REQUIRED ACTION:
Your task is to copy the lines of the data below from the line holding "Sea Level Sea" through the line holding "Moissanite Infinity Anklet", inclusive, exactly and with nothing added.

═════ DATA SHOWN ═════

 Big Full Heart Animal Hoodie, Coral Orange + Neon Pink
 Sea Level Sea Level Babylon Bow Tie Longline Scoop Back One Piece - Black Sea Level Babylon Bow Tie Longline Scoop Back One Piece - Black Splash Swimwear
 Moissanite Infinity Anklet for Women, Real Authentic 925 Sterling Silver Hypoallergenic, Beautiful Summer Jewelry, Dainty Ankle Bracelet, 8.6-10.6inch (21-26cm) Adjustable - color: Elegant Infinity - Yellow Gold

═════
═════ DATA SHOWN ═════

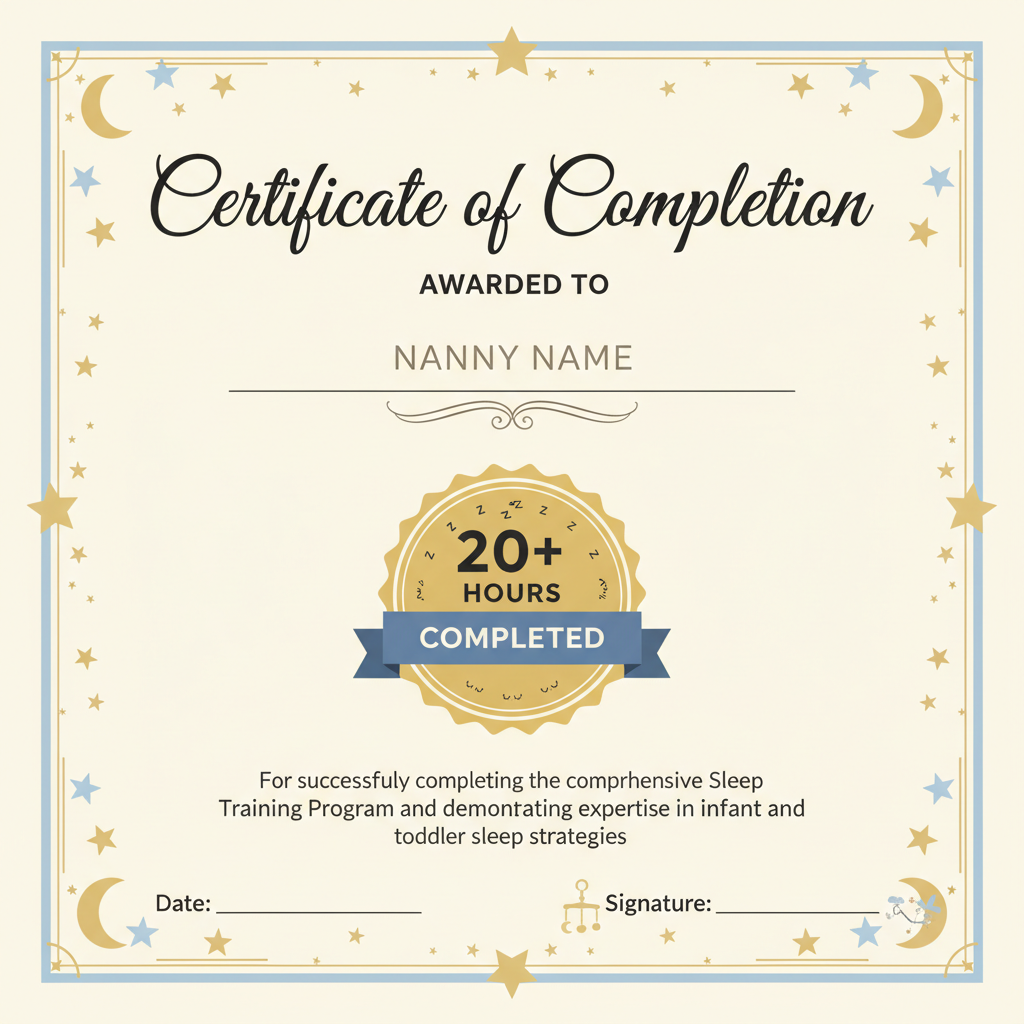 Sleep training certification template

═════

RESPONSE BELOW:
 Sea Level Sea Level Babylon Bow Tie Longline Scoop Back One Piece - Black Sea Level Babylon Bow Tie Longline Scoop Back One Piece - Black Splash Swimwear
 Moissanite Infinity Anklet for Women, Real Authentic 925 Sterling Silver Hypoallergenic, Beautiful Summer Jewelry, Dainty Ankle Bracelet, 8.6-10.6inch (21-26cm) Adjustable - color: Elegant Infinity - Yellow Gold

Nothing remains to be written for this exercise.